Lake District – a better photographer would have noted which bit . . .

The photos are a pork pie, a hoverfly on a poppy and a load of hills next to a lake. That’s just to remind myself that lots of things are (a) more important than poetry and (b) will still be around long after I have gone.

Soup

I made more soup this week, using a 1kg pack of frozen casserole mix from TESCO. It comes ready chopped and by the time it has been left to thaw in the fridge for 2 days all the veg is nice and soft and doesn’t take as lot of cooking. It cost £1, which is probably expensive compared to buying the veg separately, but cheap when you consider the time it saved me chopping and cleaning up.

Recipe: Boil the bag of veg with stock and seasonings, liquidise, dilute, eat. Or drink. We had a discussion at work about that – do you eat soup or drink it? My view is that you eat it if you use a spoon, but drink it if you sup it directly out of a receptacle. Anyone have any other views on what is a long-running topic in the shop? (We tend to avoid politics and religion in favour of coin design, soup consumption and the various roadworks in the city).

It came out a little bit beige, due, I think, to the presence of potato and swede and the low quantity of carrot. Apart from that, the basic soup turned out well. The seasoning left a little to be desired as I used garlic, ginger, lime juice and too much chilli. I must buy lemons, as the lime isn’t quite right. I must also restrain my tendency to add a bit more chilli. It never looks to be enough. However, a little goes a long way and soup is supposed to be nutritious rather than a test of fortitude.

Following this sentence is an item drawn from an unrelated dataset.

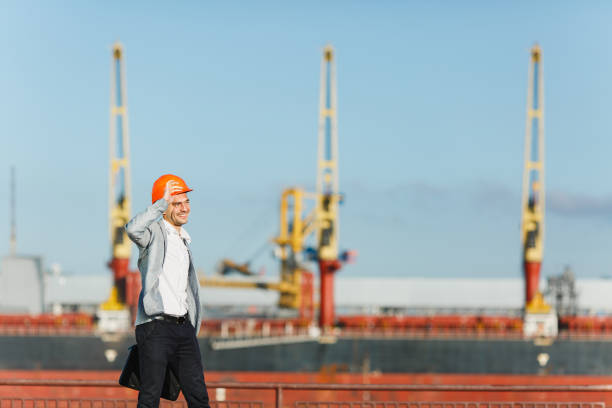 istock Handsome young unshaven successful business man in gray suit and protective construction orange helmet holding case, walking in sea port against cargo ship and crane background in summer time. 893847332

Quantity? Well, I had a soup flask of it for lunch yesterday (a bowl and a half or thereabouts) and we had two bowls of it last night for tea. We will be having it for lunch today and for lunch tomorrow (I’m trying to cut more bread out). After that I think we should be about finished, though lunch on Friday is a possibility.

Tips for next time – only use half the bag, add a carrot and use less chilli. Possibly add turmeric, which is always good to bring the colour up.

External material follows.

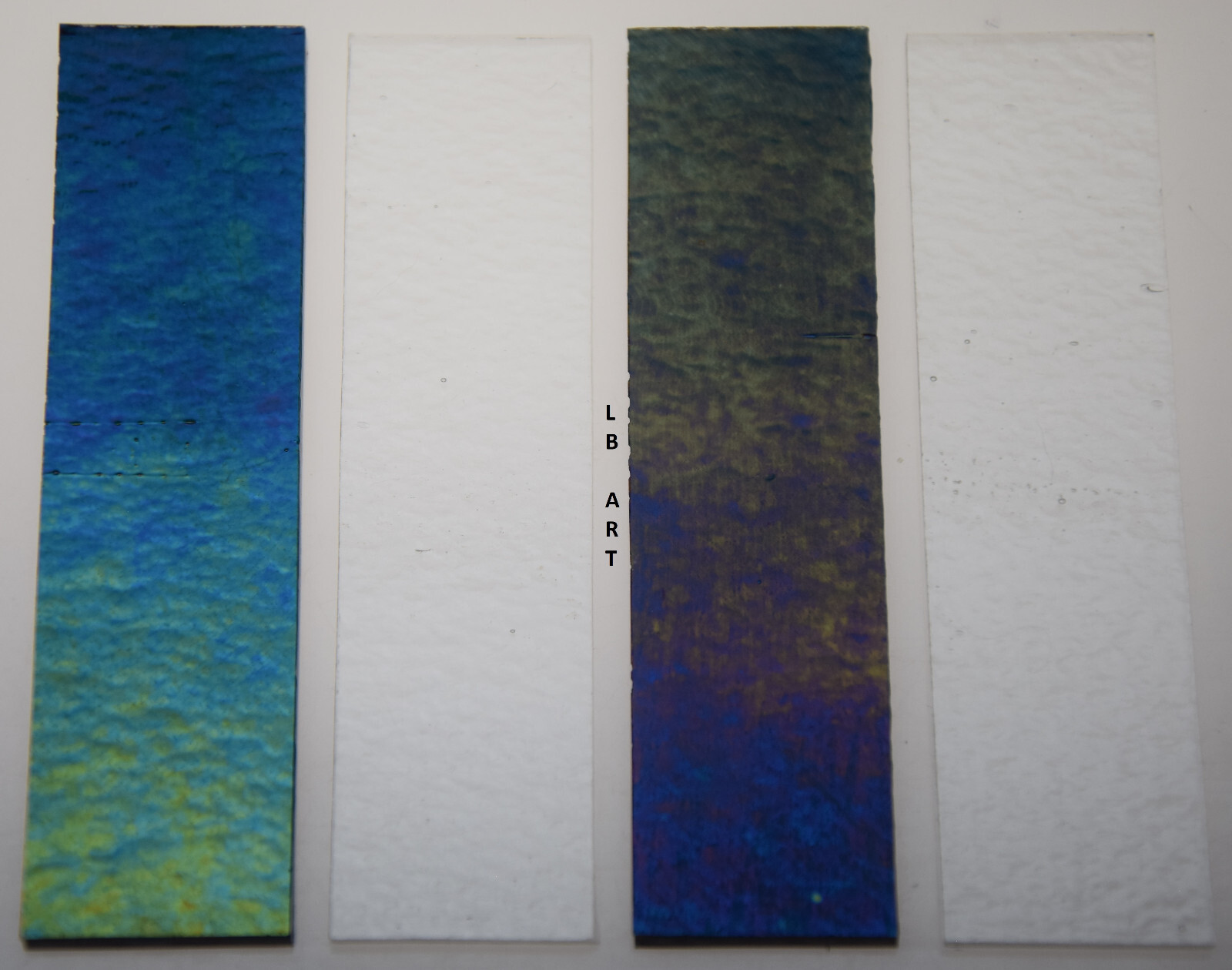 1108.31-1" x 4" 2 IRIDIZED AQUAMARINE BLUE & 2 CLEAR BULLSEYE 3mm GLASS 90 COE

Making soup always reminds me of the soup sessions we used to do on the farm. I used to do one with schools making vegetable soup from a supermarket bag. Out of a dozen kids it was rare that you could get more than one or two to taste the soup.  They claimed to eat soup at home, but didn’t trust anything that had been made in front of them from vegetables, stock cubes and water. They preferred “proper soup” from a can or sachet.